Friday, November 18, 2005

Time Capsules

What is it with Londoners and defunct tube stations? What makes many of us want to squint through the windows of a Central Line train to see if we can catch a glimpse of the tiled platform of long abandonned British Museum Station or perhaps even its disorientated Egyptian spectre in loincloths.

Surfer even went to a rave in the then recently mothballed Aldwych station. There's said to be a ghost there too - an actress from the theatre demolished to make way for the station that apparently missed her last curtain call.

I guess it's the frisson of the time capsule effect we're seeking in this skin-shedding postmodern world. I found an unusually well-preserved pocket of old time a few years ago when V and I visited my childhood home in Eaton Square.
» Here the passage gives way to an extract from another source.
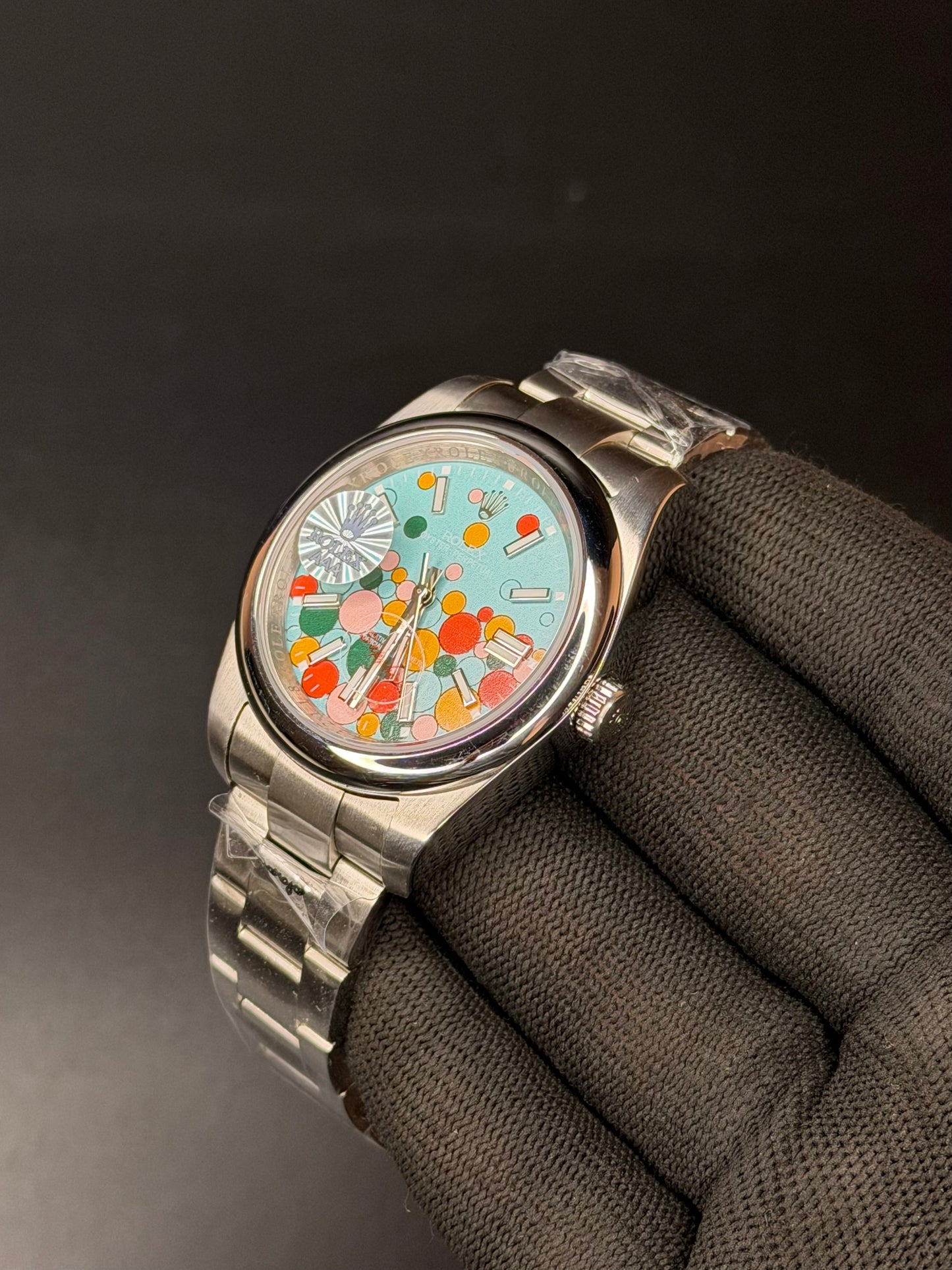 41mm Oyster Style Automatic Watch – Celebration Dial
When we moved out at the end of 1985 the Grosvenor estate already had plans to eviscerate the building which had never fully recovered from the German bomb which landed only a few yards away in Hobart Place on top of the poor vicar of St Peter's. They were waiting for each of the remaining tenants to leave, or die. Our neighbour, Lord Boothby, had taken one last swig of gin and climbed in the cab to the great upper chamber in the sky. He was survived by his wife Wanda and her two shitzus, and they weren't budging.

In the end something like twelve years passed. Aware that the door to our flat had hardly been re-opened since the day we locked it behind us I contacted the Estate and asked if I could visit the flat one last time with V before the wreckers and the modernisers moved in.

It turned out to be a bizarre experience. A poster of an astronaut that I had brought back from the Soviet Union had peeled away from the back of my bedroom door exposing the hide-out it had found the day I packed up the rest of my cachivaches. Outside in the corridor we had to step over one of my school plimsoles lying there accusingly, underside-up. All the wallpaper and fittings were the same as when we left, dating back to our last major redecoration at the end of the 70s. There was even a cupboard in the kitchen full of old cans of food.

It's all gone now, gutted and re-filled from the inside with some of the most plushly espensive des-rezzes in the Duke's portfolio. They even built over the old garden (well, yard really) at the rear.